• Data records:
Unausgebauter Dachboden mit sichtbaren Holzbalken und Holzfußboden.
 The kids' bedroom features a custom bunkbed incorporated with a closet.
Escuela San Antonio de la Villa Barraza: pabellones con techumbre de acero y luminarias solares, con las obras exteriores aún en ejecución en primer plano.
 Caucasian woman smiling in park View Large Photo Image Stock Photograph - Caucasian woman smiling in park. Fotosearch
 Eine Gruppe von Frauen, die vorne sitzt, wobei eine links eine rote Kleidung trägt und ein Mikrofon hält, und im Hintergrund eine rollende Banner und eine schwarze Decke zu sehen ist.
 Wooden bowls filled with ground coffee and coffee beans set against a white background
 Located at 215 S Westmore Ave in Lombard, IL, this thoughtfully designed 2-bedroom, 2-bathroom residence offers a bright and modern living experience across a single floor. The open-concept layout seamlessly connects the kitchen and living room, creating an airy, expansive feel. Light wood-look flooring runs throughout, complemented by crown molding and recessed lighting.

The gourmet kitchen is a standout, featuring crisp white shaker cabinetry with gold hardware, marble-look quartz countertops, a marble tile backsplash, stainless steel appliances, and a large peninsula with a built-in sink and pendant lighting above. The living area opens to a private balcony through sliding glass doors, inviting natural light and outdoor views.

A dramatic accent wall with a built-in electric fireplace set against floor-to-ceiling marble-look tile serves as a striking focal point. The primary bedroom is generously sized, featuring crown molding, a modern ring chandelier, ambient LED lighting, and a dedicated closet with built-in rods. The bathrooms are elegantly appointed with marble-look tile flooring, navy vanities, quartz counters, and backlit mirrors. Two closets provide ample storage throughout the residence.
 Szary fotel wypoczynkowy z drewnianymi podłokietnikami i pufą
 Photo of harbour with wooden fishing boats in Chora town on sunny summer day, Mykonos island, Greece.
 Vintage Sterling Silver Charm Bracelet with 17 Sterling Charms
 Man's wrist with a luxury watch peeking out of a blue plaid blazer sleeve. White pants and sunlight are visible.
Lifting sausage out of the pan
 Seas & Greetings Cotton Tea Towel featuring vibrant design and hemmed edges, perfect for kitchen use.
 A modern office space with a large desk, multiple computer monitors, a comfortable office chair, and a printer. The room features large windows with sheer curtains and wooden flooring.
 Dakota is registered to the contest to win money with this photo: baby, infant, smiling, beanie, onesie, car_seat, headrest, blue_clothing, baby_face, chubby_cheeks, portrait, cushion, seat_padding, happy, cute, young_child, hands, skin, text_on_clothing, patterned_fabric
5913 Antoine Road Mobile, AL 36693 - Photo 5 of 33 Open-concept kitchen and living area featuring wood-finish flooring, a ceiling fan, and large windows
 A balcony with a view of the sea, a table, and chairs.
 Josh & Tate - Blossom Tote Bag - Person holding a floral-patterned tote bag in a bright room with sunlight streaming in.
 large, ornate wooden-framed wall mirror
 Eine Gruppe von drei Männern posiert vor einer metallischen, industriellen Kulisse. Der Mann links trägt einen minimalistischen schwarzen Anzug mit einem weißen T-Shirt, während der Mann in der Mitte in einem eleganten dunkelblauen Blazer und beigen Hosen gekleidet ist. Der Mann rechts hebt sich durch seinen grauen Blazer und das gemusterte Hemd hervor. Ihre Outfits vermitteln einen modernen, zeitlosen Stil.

• What this task involves: A word-for-word copy of the lines above from the one with "Vintage Sterling Silver" through the one with "Seas & Greetings", inclusive, is the only output wanted.

• Written response:
 Vintage Sterling Silver Charm Bracelet with 17 Sterling Charms
 Man's wrist with a luxury watch peeking out of a blue plaid blazer sleeve. White pants and sunlight are visible.
Lifting sausage out of the pan
 Seas & Greetings Cotton Tea Towel featuring vibrant design and hemmed edges, perfect for kitchen use.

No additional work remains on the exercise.